International unions welcomed the agenda for action from G20 Labour Ministers to create quality jobs, green jobs and jobs for young people, but warned that G20 leaders must drive urgent, coordinated investment to drive implementation.

Sharan Burrow, General Secretary of International Trade Union Confederation, said Labour Ministers should take the message to the G20 Summit in Los Cabos urging them to coordinate investment in infrastructure, enabling green infrastructure and green jobs as a priority.

“Commitments to tackle youth unemployment by scaling up apprentices, and investing in skills are also important for securing labour market inclusion.

“Labour Ministers should not rest until young people have been given back their futures.
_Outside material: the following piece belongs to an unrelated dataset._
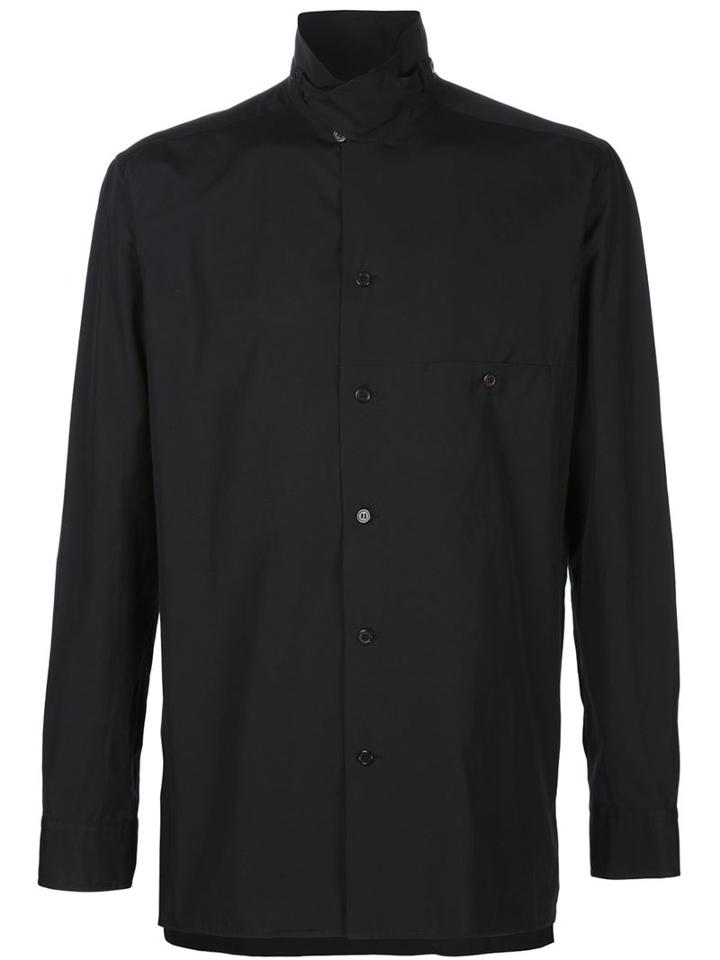 Yohji Yamamoto Stand Collar Shirt, Men's, Size: 3, Black, Cotton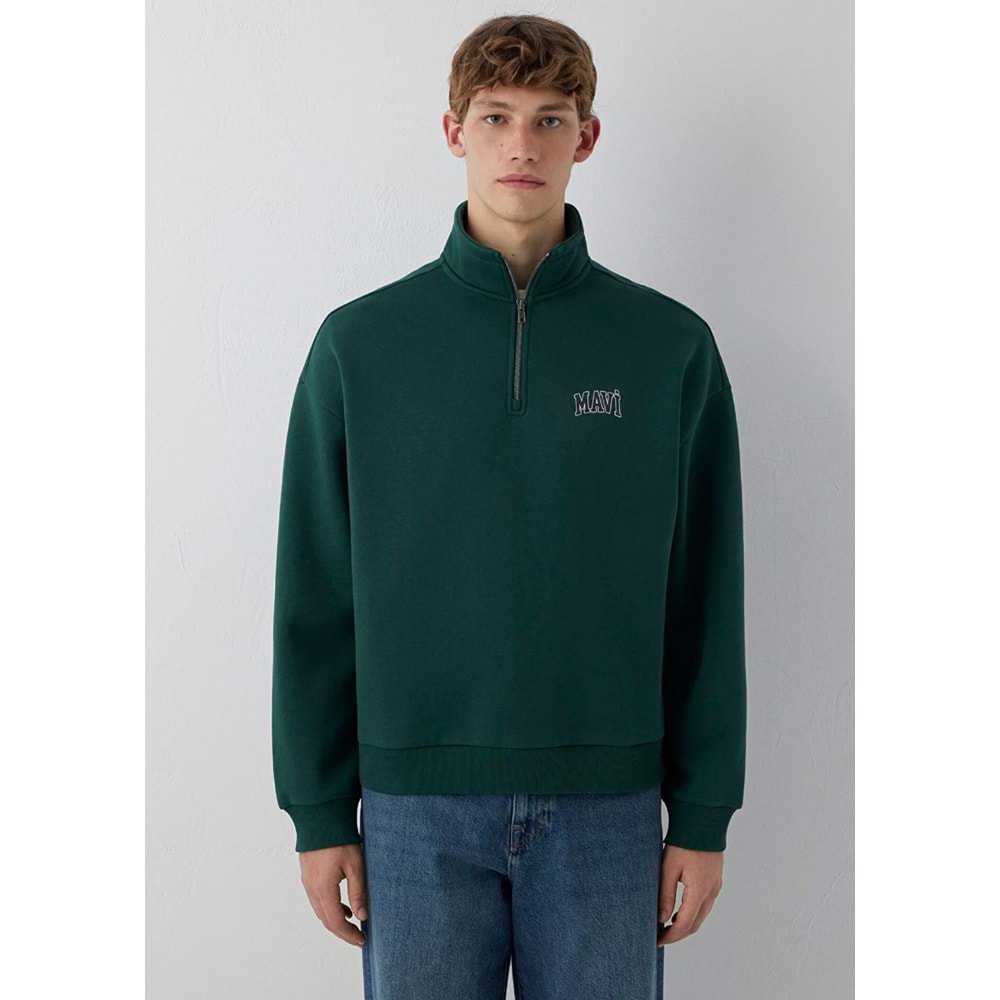 Mavi M0S10208-85173 Mavi Logo Baskılı Yarı Fermuarlı Erkek Sweatshirt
“Inequity is now recognised by the OECD and the ILO as an impediment to sustainable growth; this requires social protection, min wage on which workers can live and robust collective bargaining to turn this around,” said Sharan Burrow.

Economic analysis by the Millennium Institute shows how investing just 2% of GDP in the green economy each year for five years could create up to 48 million jobs.

In G20 countries:

• 20-50% of young people are unemployed;

• 30-70% of the economies are informal;

• Despite output from work having doubled in the last two decades, the wage share of productivity continues to decline.

“There is now an agenda for job creation, but what is most important is action to deliver on commitments to employment, which goes beyond labour to finance ministers.

“There is a big credibility gap between what are potentially important conclusions with the situation on the ground. That is the challenge for government leaders in Los Cabos,” said John Evans, General Secretary of the Trade Union Advisory Committee to the OECD.

Erick, a 21-year-old electrician, told the ITUC Global Panel of Inquiry in Guadalajara that he earned USD13 a day, twice the minimum wage in Mexico. After buying beans, rice, and meat and paying for transport to work, he is left with only $1 a day – not enough to cover his basic needs.

“Without secure incomes, workers and their families cannot spend; to restore trust and confidence, working families require quality jobs. The gap between the commitment of governments to jobs and the necessary investment must be addressed, ” said Sharan Burrow.